— ENTRIES SHOWN —
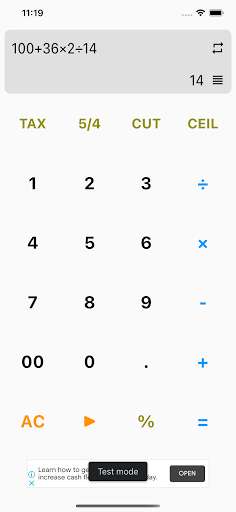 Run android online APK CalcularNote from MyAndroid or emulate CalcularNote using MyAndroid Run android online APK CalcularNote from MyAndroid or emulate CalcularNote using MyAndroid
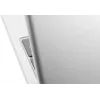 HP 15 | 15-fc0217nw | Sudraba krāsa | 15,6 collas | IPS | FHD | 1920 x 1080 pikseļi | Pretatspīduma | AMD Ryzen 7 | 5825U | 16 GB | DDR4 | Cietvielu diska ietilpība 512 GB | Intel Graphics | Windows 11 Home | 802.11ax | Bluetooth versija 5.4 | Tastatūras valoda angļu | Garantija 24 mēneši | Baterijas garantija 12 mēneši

---

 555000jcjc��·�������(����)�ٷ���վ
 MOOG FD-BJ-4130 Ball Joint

— PROBLEM DESCRIPTION —
Output exactly the lines above, beginning at the one with "using MyAndroid Run" and stopping after the one with "HP 15 | 15-fc0217nw". Pictures are to be omitted.

— REPLY TO THE TASK —
 Run android online APK CalcularNote from MyAndroid or emulate CalcularNote using MyAndroid Run android online APK CalcularNote from MyAndroid or emulate CalcularNote using MyAndroid
 HP 15 | 15-fc0217nw | Sudraba krāsa | 15,6 collas | IPS | FHD | 1920 x 1080 pikseļi | Pretatspīduma | AMD Ryzen 7 | 5825U | 16 GB | DDR4 | Cietvielu diska ietilpība 512 GB | Intel Graphics | Windows 11 Home | 802.11ax | Bluetooth versija 5.4 | Tastatūras valoda angļu | Garantija 24 mēneši | Baterijas garantija 12 mēneši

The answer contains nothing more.